EXERCISE OBJECTIVE: If a record holds a picture, leave the picture out and repeat everything else exactly.

INPUT:

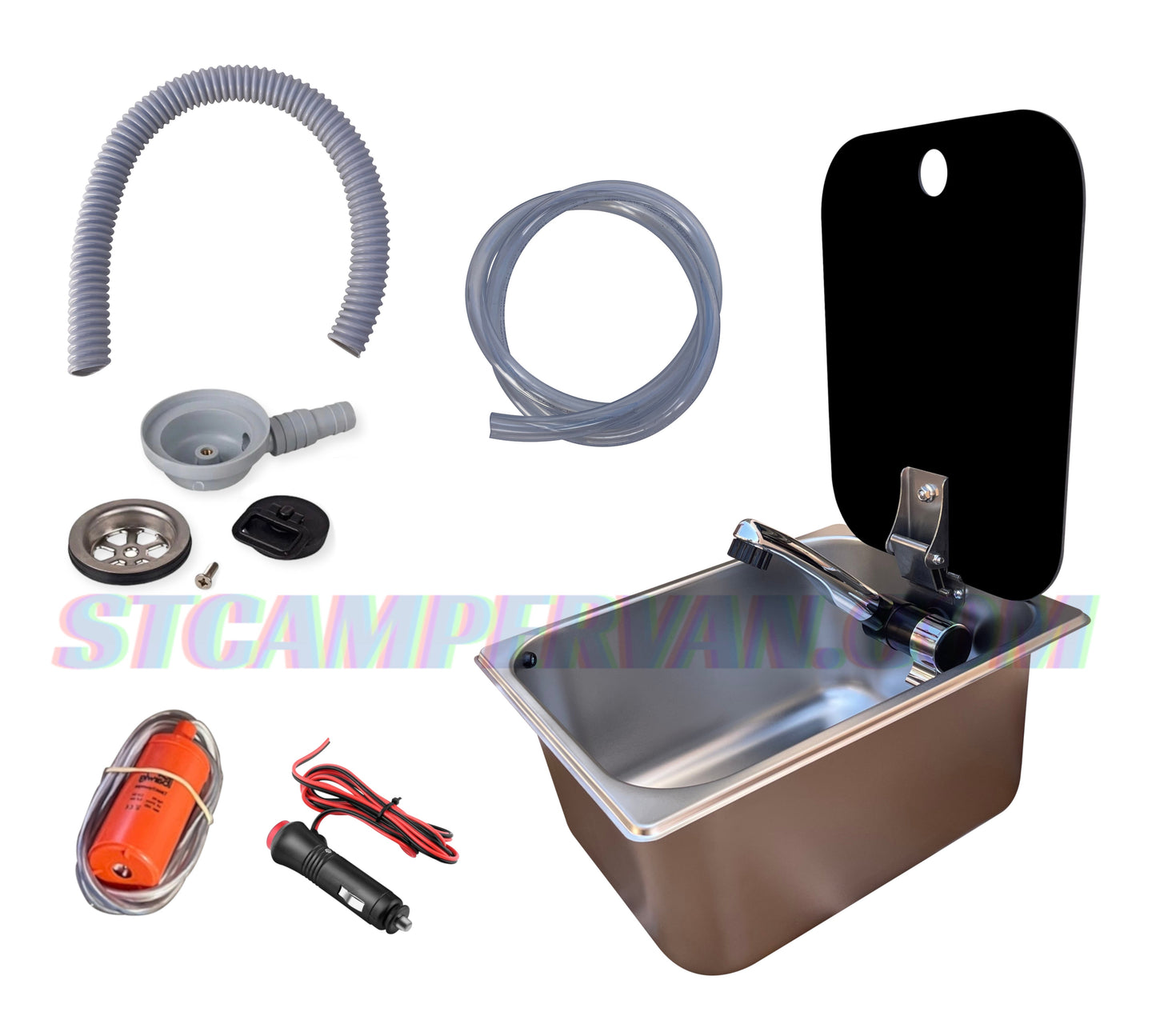 Kit fregadero camper 26x32 con tapa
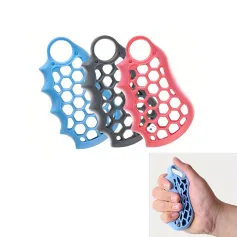 KALOAD 10-50lbs Silicone Grip Device Palm Rehabilitation Training Hand Exercise Grip Circle Fitness Grip Circle Hand Muscle Massager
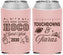 Custom Homecoming Neoprene Can Coolers - Touchdowns And Tiaras | 330010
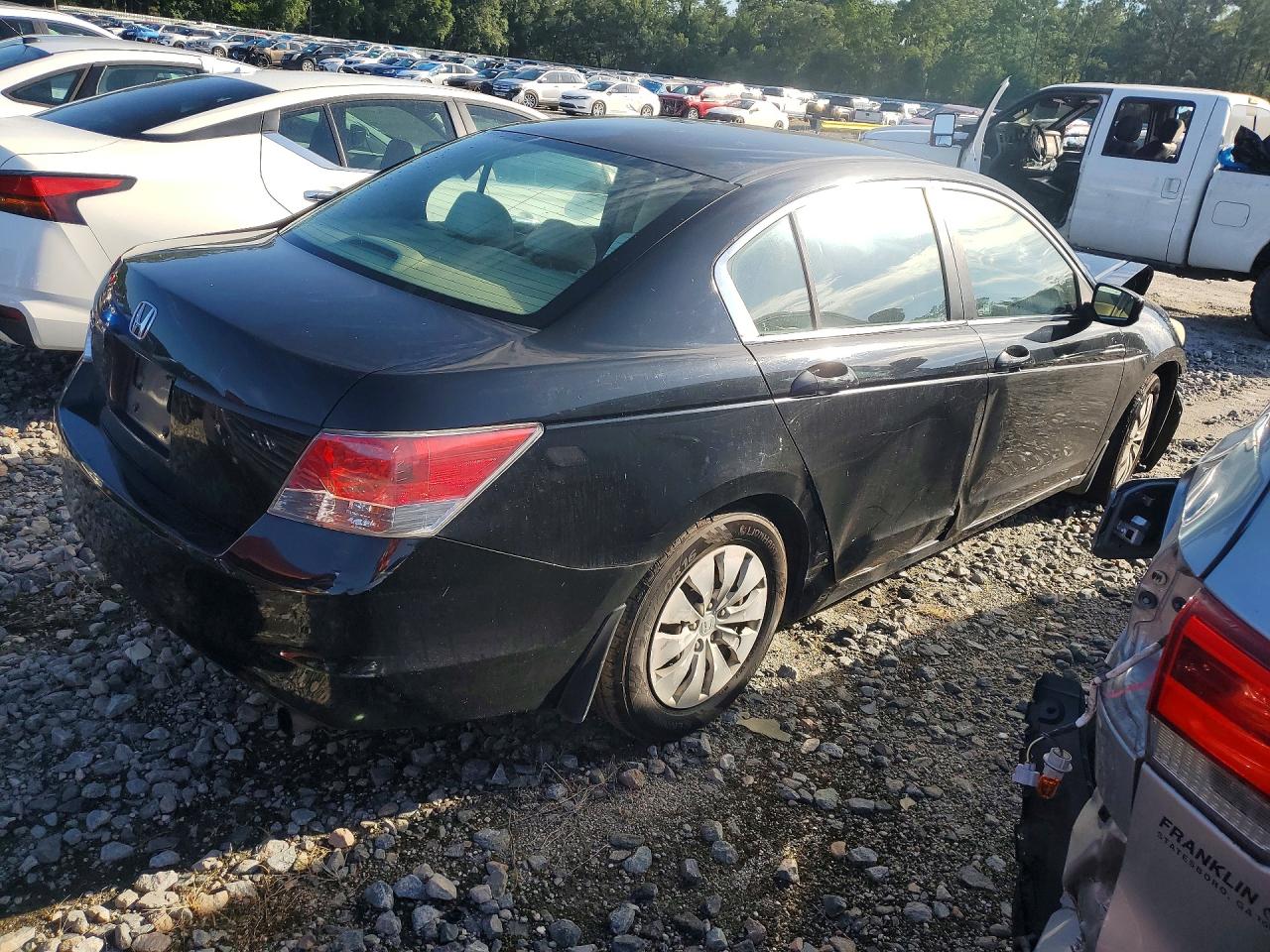 2010 Honda Accord Lx Black vin: 1HGCP2F38AA140932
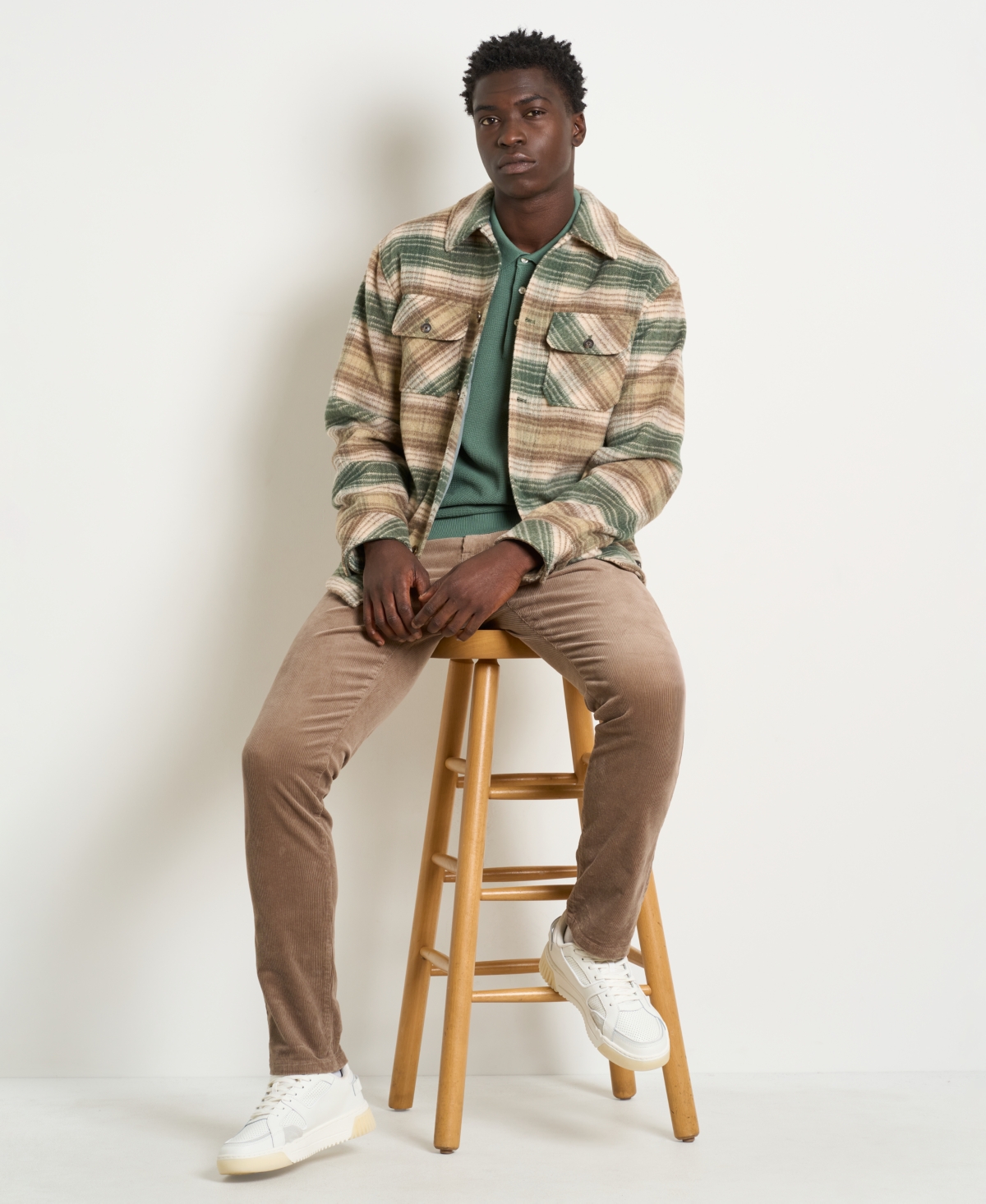 Scotch & Soda Men's Checked Overshirt Jacket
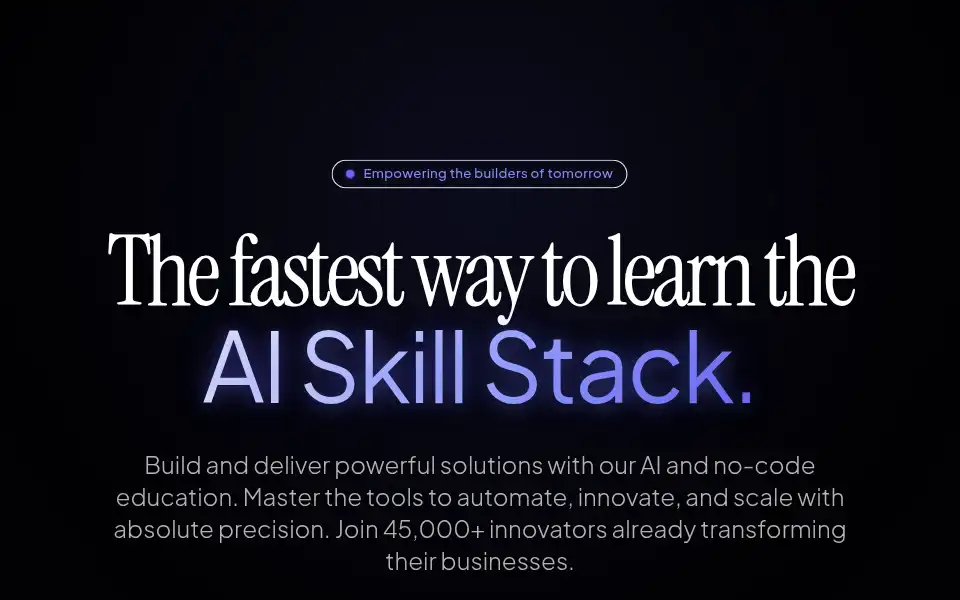 Screenshot of automationinstitute.ai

RESPONSE BOX:
 Kit fregadero camper 26x32 con tapa
 KALOAD 10-50lbs Silicone Grip Device Palm Rehabilitation Training Hand Exercise Grip Circle Fitness Grip Circle Hand Muscle Massager
 Custom Homecoming Neoprene Can Coolers - Touchdowns And Tiaras | 330010
 2010 Honda Accord Lx Black vin: 1HGCP2F38AA140932
 Scotch & Soda Men's Checked Overshirt Jacket
 Screenshot of automationinstitute.ai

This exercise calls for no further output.